Tuesday May 27, 2025

Mogadishu Port, in the capital of Somalia. Photo: Shutterstock.
Mogadishu (HOL) — Somalia is at risk of forfeiting millions in unspent reform funds unless it accelerates a lagging governance overhaul backed by the African Development Bank.
Eighteen months into the $13 million Institutional Support for Economic Governance Project (ISEGP), the country has used just 15.2 percent of the funds, leaving federal finance officials racing to triple their monthly disbursement rate before the project's deadline in December 2026.
The AfDB's May 2025 report paints a mixed picture: tax revenues rose to 2.8% of GDP in 2023, and Somalia's public-sector accountability score on the Ibrahim Index climbed to 20.1%, passing its 2026 benchmark. But analysts caution those gains stem from temporary boosts—like tariff adjustments and GDP rebasing—not structural reforms.

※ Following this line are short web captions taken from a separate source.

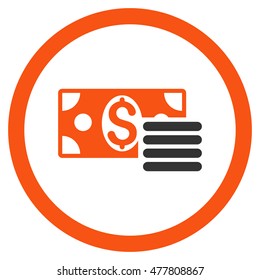 Dollar Cash rounded icon. Vector illustration style is flat iconic bicolor symbol, orange and gray colors, white background.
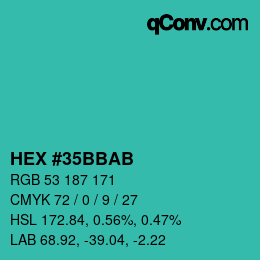 Color code: HEX #35BBAB | qconv.com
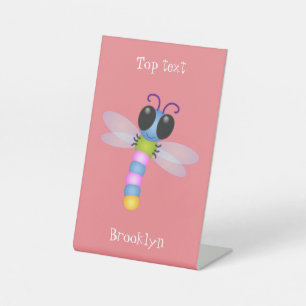 Cute blue and pink dragonfly cartoon illustration pedestal sign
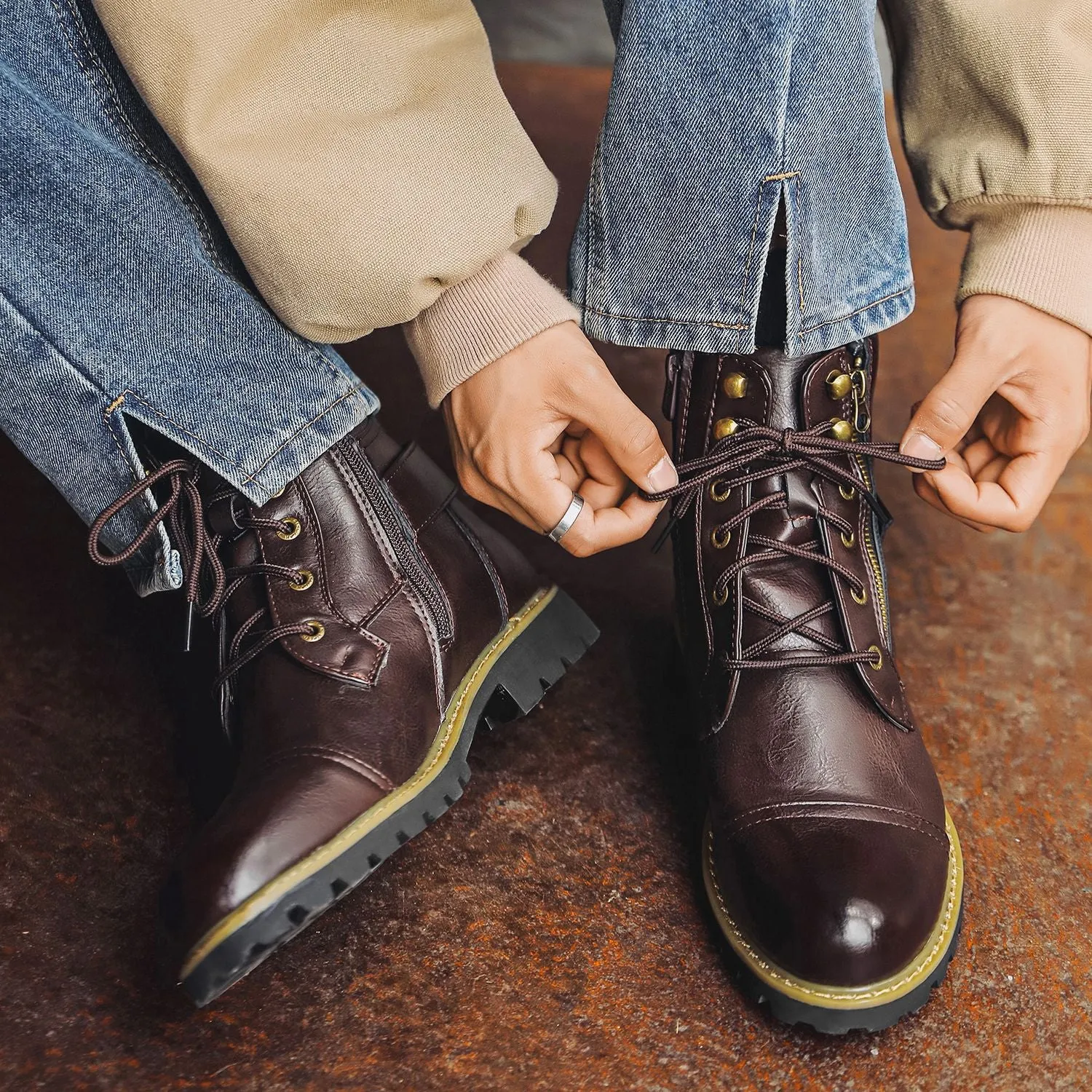 ELIJAH PRESCOTT OXFORD LEATHER BOOTS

However, most project outputs are still in the early stages. Only one of 16 outputs—a Medium-Term Revenue Strategy launched in 2024—is complete. The report confirms that the strategy informed Somalia's 2025 revenue forecasts and was developed through consultations with the federal government and key stakeholders.Puntland standoff slows implementation
A key infrastructure component of the ISEGP—modernizing inland revenue offices across Somalia's Federal Member States—has encountered political roadblocks. According to the AfDB's May 2025 report, preliminary designs for these tax offices have been approved by all Federal Member States (FMSs) except Puntland, which has withheld endorsement of the central blueprint.
The delay is attributed to what the report calls "political misunderstandings" between the Federal Government of Somalia (FGS) and Puntland. The federal finance ministry is currently engaging with Puntland officials to address the economic implications of the delays and propose a way forward, with a resolution deadline set for December 31, 2025.
If unresolved, it could jeopardize broader program goals, especially those tied to equitable infrastructure distribution and national revenue unification.
The standoff is particularly consequential: the port city of Bosaso, under Puntland's jurisdiction, accounts for a substantial amount of federal customs revenue. Without Puntland's participation, key project assumptions related to domestic revenue mobilization could fall apart, particularly those embedded in the 2025 revenue forecasts guided by the new Medium-Term Revenue Strategy.
Until the designs are approved, detailed blueprints and bills of quantities (BOQs) for the Puntland office cannot move forward. The consulting firm hired for this component, Ecotech Ltd., began work in August 2024 and completed preliminary consultations with the other FMSs; however, progress in Puntland remains frozen.
Inflation and systemic risks
The project faces a secondary risk from rising global construction-material prices, largely due to trade friction between the United States and China. "Much of the construction materials used in Somalia are sourced from China," the report warns, urging the federal implementation unit to fast-track procurement before prices climb further.
The report confirms that Somalia has fully operationalized the Commonwealth Meridian debt management platform, including ICT upgrades and staff training. However, debt statistics bulletins—16 promised by project end—are flagged as "not on track," and integration with Somalia's national Financial Management Information System (FMIS) system remains incomplete.
On gender, the project sets a target of 20% female participation across all training modules, including debt, procurement, and public investment. Yet the most recent monitoring update confirms that women's participation remains at or near zero across all training indicators.
The AfDB still classifies ISEGP as a "non-potentially problematic project," citing ongoing procurement progress and expected acceleration in 2025. Yet with over UA 8.48 million (approx. $11 million) still undisbursed, donors must decide whether to extend timelines or risk a final-year spending surge that could compromise oversight and delivery.
The ISEGP forms part of a push under Somalia's NDP-9 and Heavily Indebted Poor Countries (HIPC) initiative to rebuild fiscal institutions and secure full debt relief. With political consensus, public trust, and external financing all on the line, the coming year may determine whether the country's most ambitious reform project can meet its goals—or end up as another footnote in Somalia's long aid history.